Sebastian: There were not many so far. We are still looking for events we would like to go to and try new ones. This year, we visited "Mission Afghanistan" for the first time which, for us, was an interesting variety on the LARP theme.
In 2018, we visited the Swedish "Berget" - a week long trip to the north long after the event ended, guaranteed we had fond memories of it. I encourage you to see our video report: https://www.youtube.com/watch?v=jXCUf37o79k
In addition to Sunday games, where you can meet individual members of the group in places like Szczecin, Tri-City, Warsaw and Olsztyn, we focus on MILSIM games such as AEGIS, Black Ops, and CSAR. We would like "Mission Afghanistan" to become our flagship event. There we can most closely re-create the activities of Norwegian troops from a few years ago in the most appropriate way, i.e. under the PRT. In addition to trips to organized events, we go for endurance marches ourselves with are focused on living in the wild.
We are of course open to any events, not only airsoft, but also reenactments and military vehicles rallies.
WMASG: Why can't we see the faces of your team members in the photos?
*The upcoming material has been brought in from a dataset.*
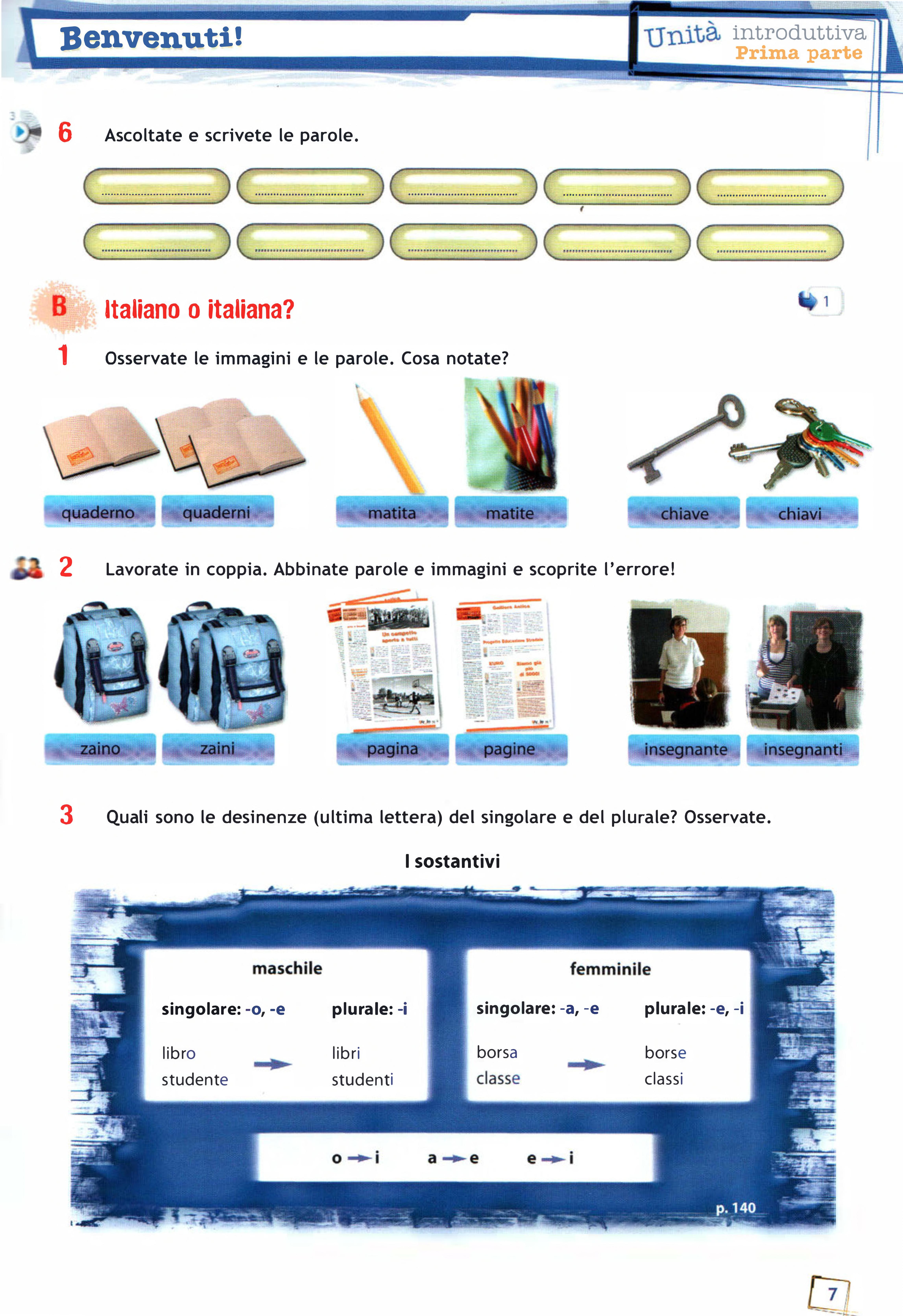 Progetto Italiano Junior 1 - Libro + Qua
Sebastian: In social media, we put incognito photos on group profile, with blurred faces. It is not about being like the "special forces", because none of us is or will be a member of such, but we think that those photos add some sort of uncertainty and intrigue. And some of us have reasons to hide their identity with a few pixels. Given the Norwegian army - a good portion of the "Telemark Battalion" soldiers keep their image hidden. We can also say that we empathize with the subject of reenacting the unit.
WMASG (Mendi): Thank you very much for the interview. I would just like to wish you successful events and good fun in continuing your hobby. See you in my sights.